ASU 2019-12, “Income Taxes (Topic 740) - Simplifying the Accounting for Income Taxes.” ASU 2019-12 provides guidance to simplify the accounting for income taxes by eliminating certain exceptions to the guidance in ASC 740 related to the approach for intraperiod tax allocation, the methodology for calculating income taxes in an interim period and the recognition for deferred tax liabilities for outside basis differences. ASU 2019-12 also simplifies aspects of the accounting for franchise taxes and enacted changes in tax laws or rates and clarifies the accounting for transactions that result in a step-up in the tax basis of goodwill. ASU 2019-12 will be effective for us on January 1, 2021, and is not expected to have a significant impact on our financial statements.
ASU 2020-04, “Reference Rate Reform (Topic 848): Facilitation of the Effects of Reference Rate Reform on Financial Reporting.” ASU 2020-04 provides optional expedients and exceptions for accounting related to contracts, hedging relationships and other transactions affected by reference rate reform if certain criteria are met. ASU 2020-04 applies only to contracts, hedging relationships, and other transactions that reference LIBOR or another reference rate expected to be discontinued because of reference rate reform and do not apply to contract modifications made and hedging relationships entered into or evaluated after December 31, 2022, except for hedging relationships existing as of December 31, 2022, that an entity has elected certain optional expedients for and that are retained through the end of the hedging relationship. ASU 2020-04 was effective upon issuance and generally can be applied through December 31, 2022.

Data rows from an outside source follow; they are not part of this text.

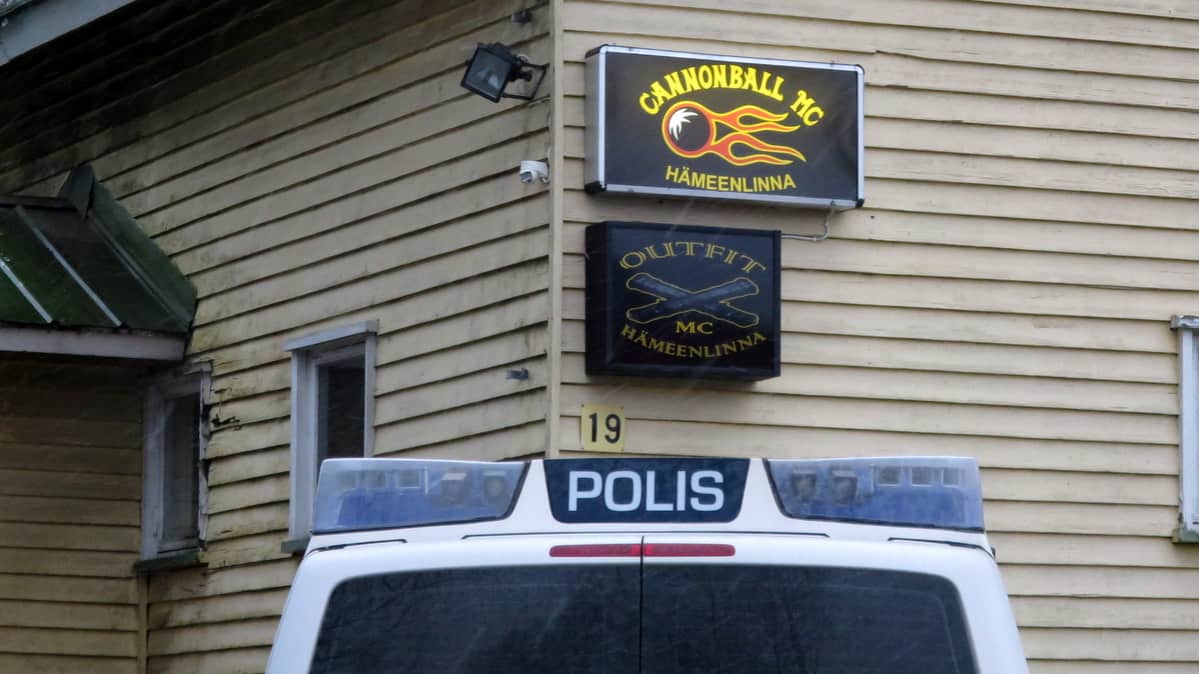 Seinällä kyltit Cannonball MC Hämeenlinna ja Outfit MC Hämeenlinna, etualalla poliisiauto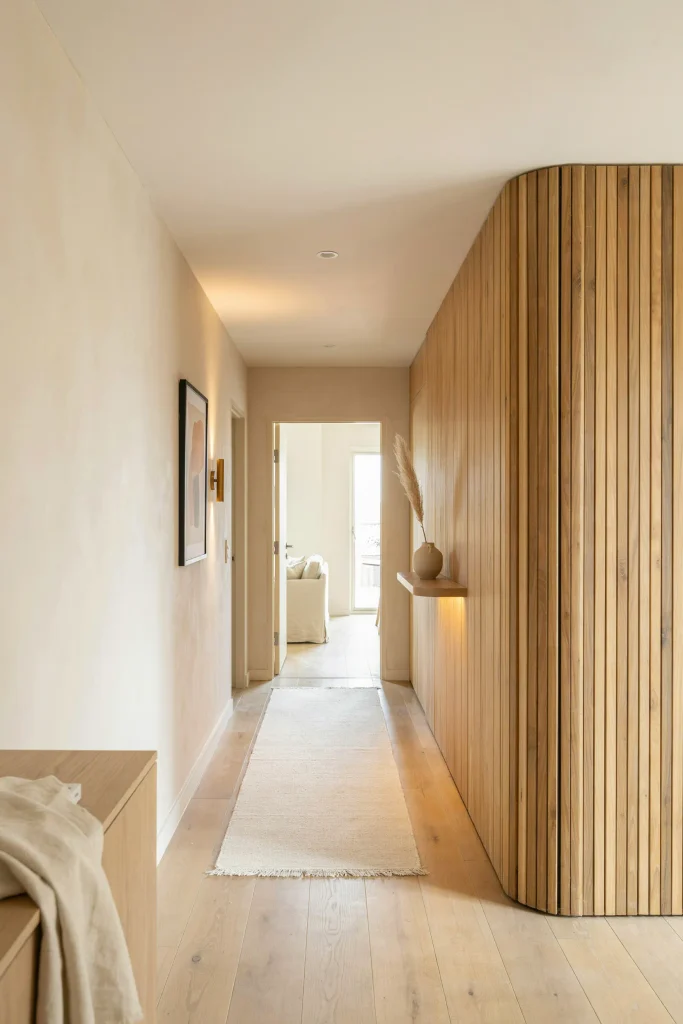 21 Narrow Hallway Decorating Ideas to Try Right Now 14 Vertical Slat Paneling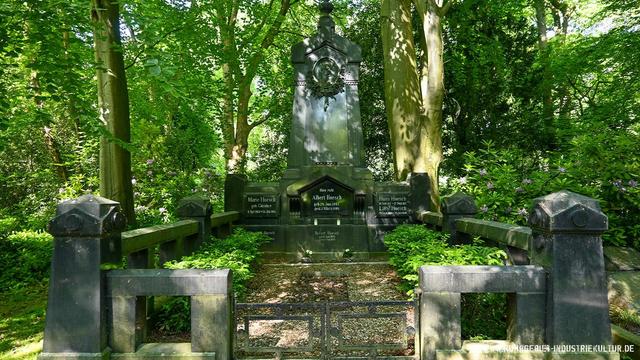 Monumentales dunkles Grabmal der Familie Hoesch auf einem grünen Friedhof. Hoher Grabstein mit Reliefmedaillon und mehreren Namensinschriften, umgeben von symmetrischen Steinbänken. Sonnenlicht fällt durch die Baumkronen.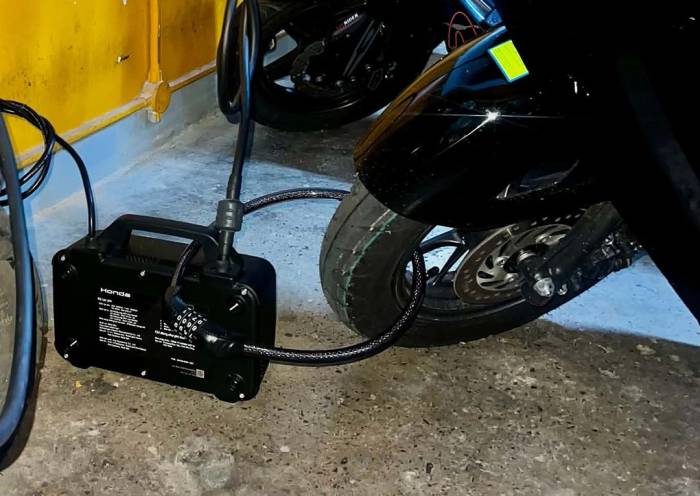 Bộ sạc bị xích vào bánh khi sạc xe máy điện. Ảnh: Hải Đăng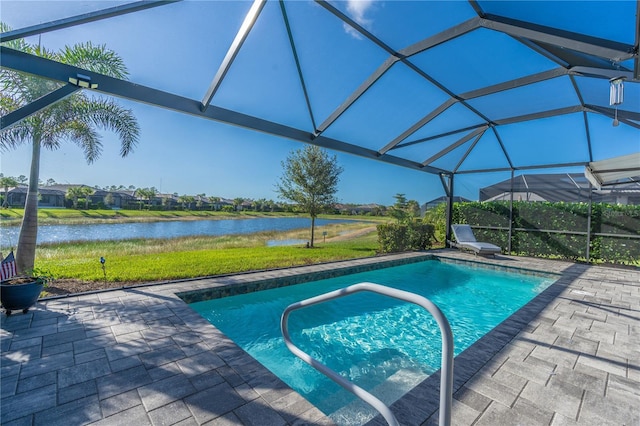 6763 Winding Cypress Dr, Naples, FL 34114 - pool with glass enclosure, a water view, and a patio area
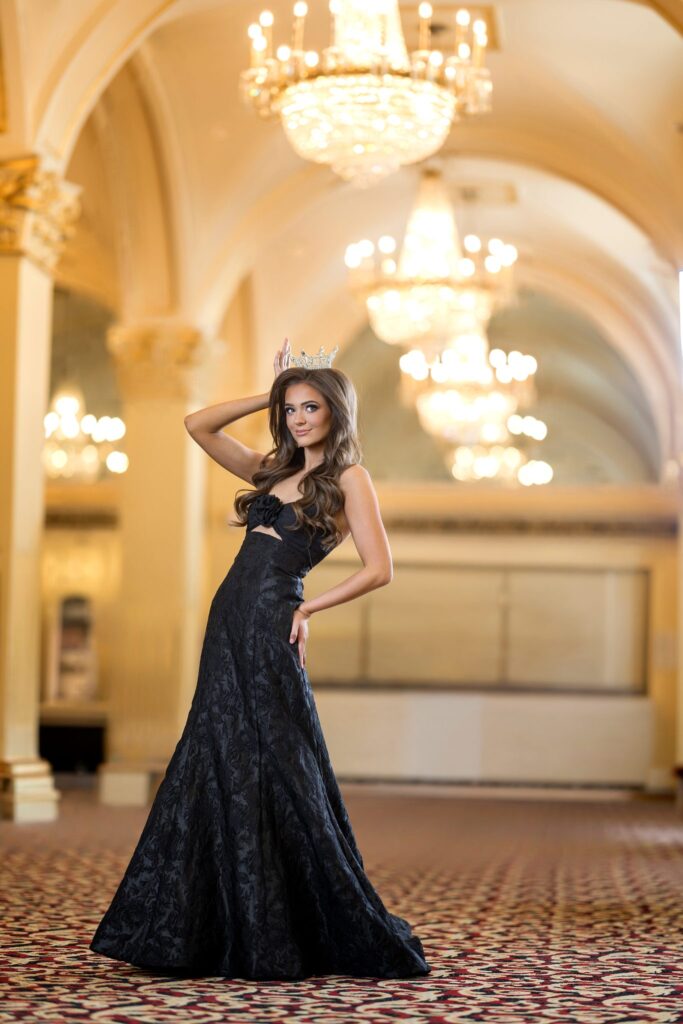 Elle Anderson, Miss Utah's Teen 2026, in a black gown and crown in a chandelier ballroom
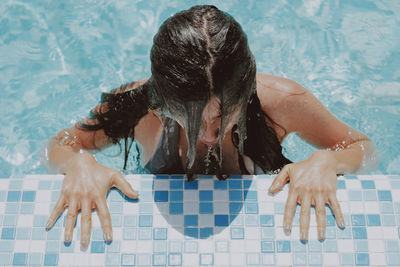 High angle view of woman in swimming pool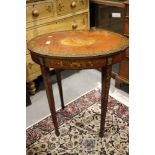 A Sheraton Revival satinwood and painted oval occasional table with classical figures and frieze,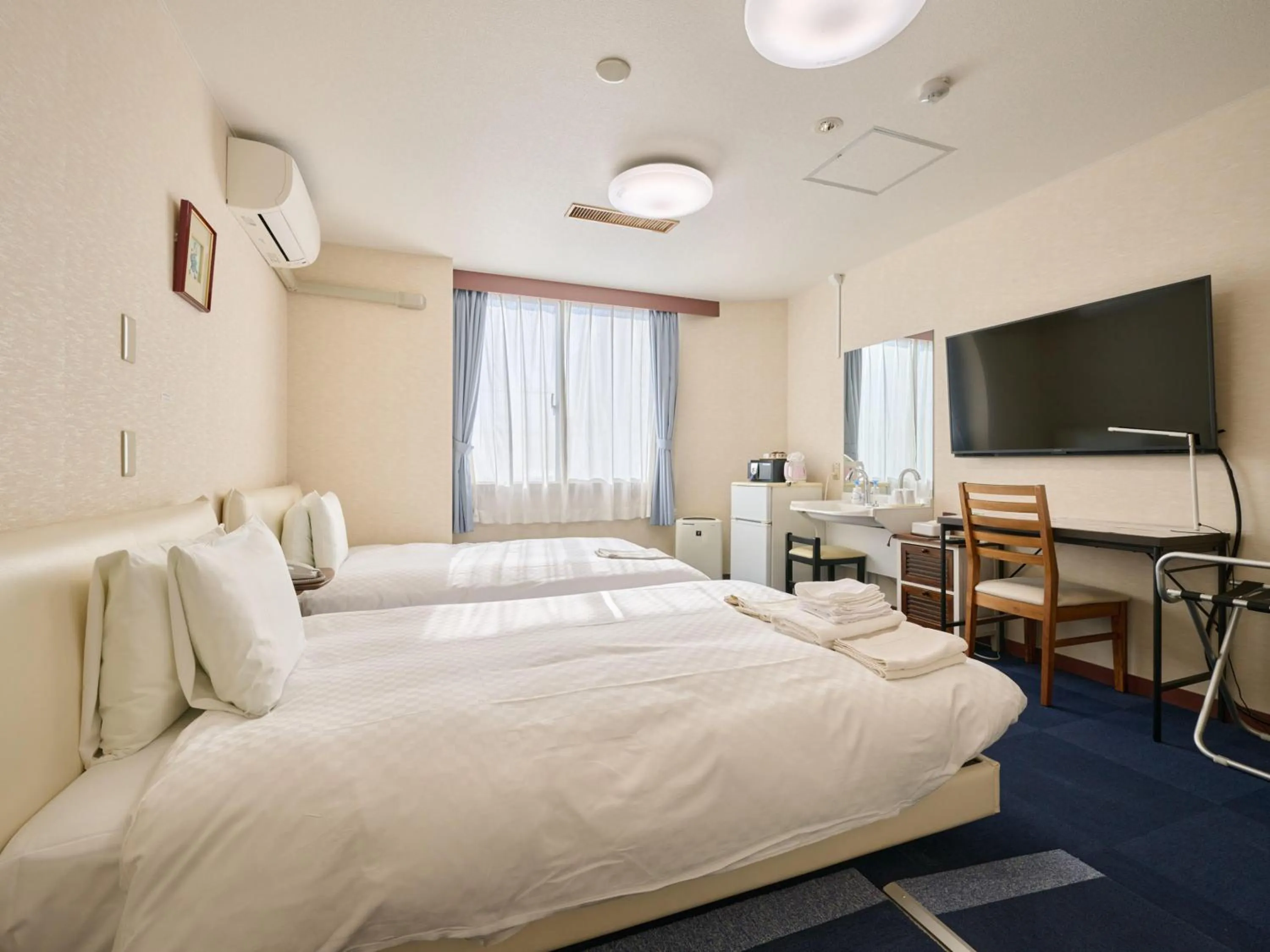 Photo of the whole room, Bed in Okasan Hotel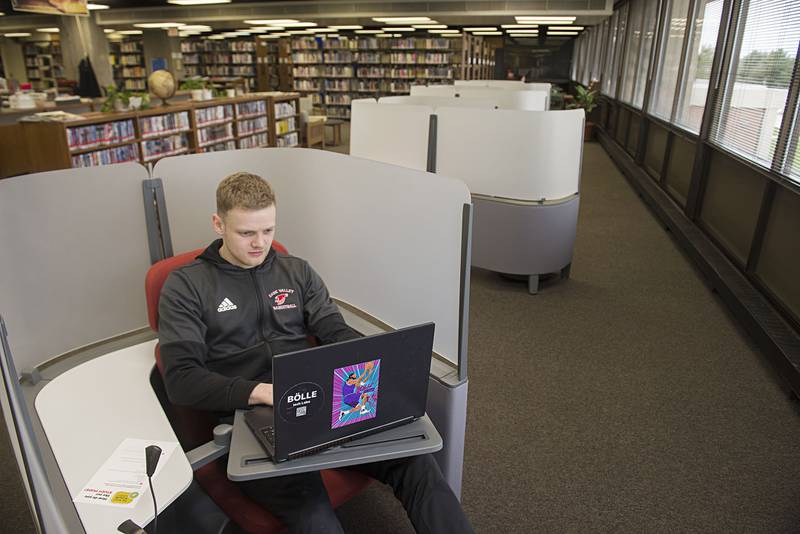 Craig Jamieson, a student/basketball player from Switzerland, tries out one of the new study pods at Sauk Valley College's library Wednesday, April 20, 2022. The school used COVID relief funds to purchased the pods.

ASU 2020-08, “Codification Improvements to Subtopic 310-20, Receivables - Nonrefundable Fees and Other Costs.” ASU 2020-08 clarifies the accounting for the amortization of purchase premiums for callable debt securities with multiple call dates. ASU 2020-8 will be effective for us on January 1, 2021 and is not expected to have a significant impact on our financial statements.
ASU 2020-09, “Debt (Topic 470): Amendments to SEC Paragraphs Pursuant to SEC Release No. 33-10762.” ASU 2020-9 amends the ASC to reflect the issuance of an SEC rule related to financial disclosure requirements for subsidiary issuers and guarantors of registered debt securities and affiliates whose securities are pledged as collateral for registered securities. ASU 2020-09 will be effective for us on January 4, 2021, concurrent with the effective date of the SEC release, and is not expected to have a significant impact on our financial statements.
ASU 2021-01, “Reference Rate Reform (Topic 848): Scope.” ASU 2021-01 clarifies that certain optional expedients and exceptions in ASC 848 for contract modifications and hedge accounting apply to derivatives that are affected by the discounting transition. ASU 2021-01 also amends the expedients and exceptions in ASC 848 to capture the incremental consequences of the scope clarification and to tailor the existing guidance to derivative instruments affected by the discounting transition. ASU 2021-01 was effective upon issuance and generally can be applied through December 31, 2022.
See Note 1. “Basis of Financial Statement Presentation and Summary of Significant Accounting Policies” for a discussion of the adoption of new accounting standards that affected the consolidated financial statements contained in this report.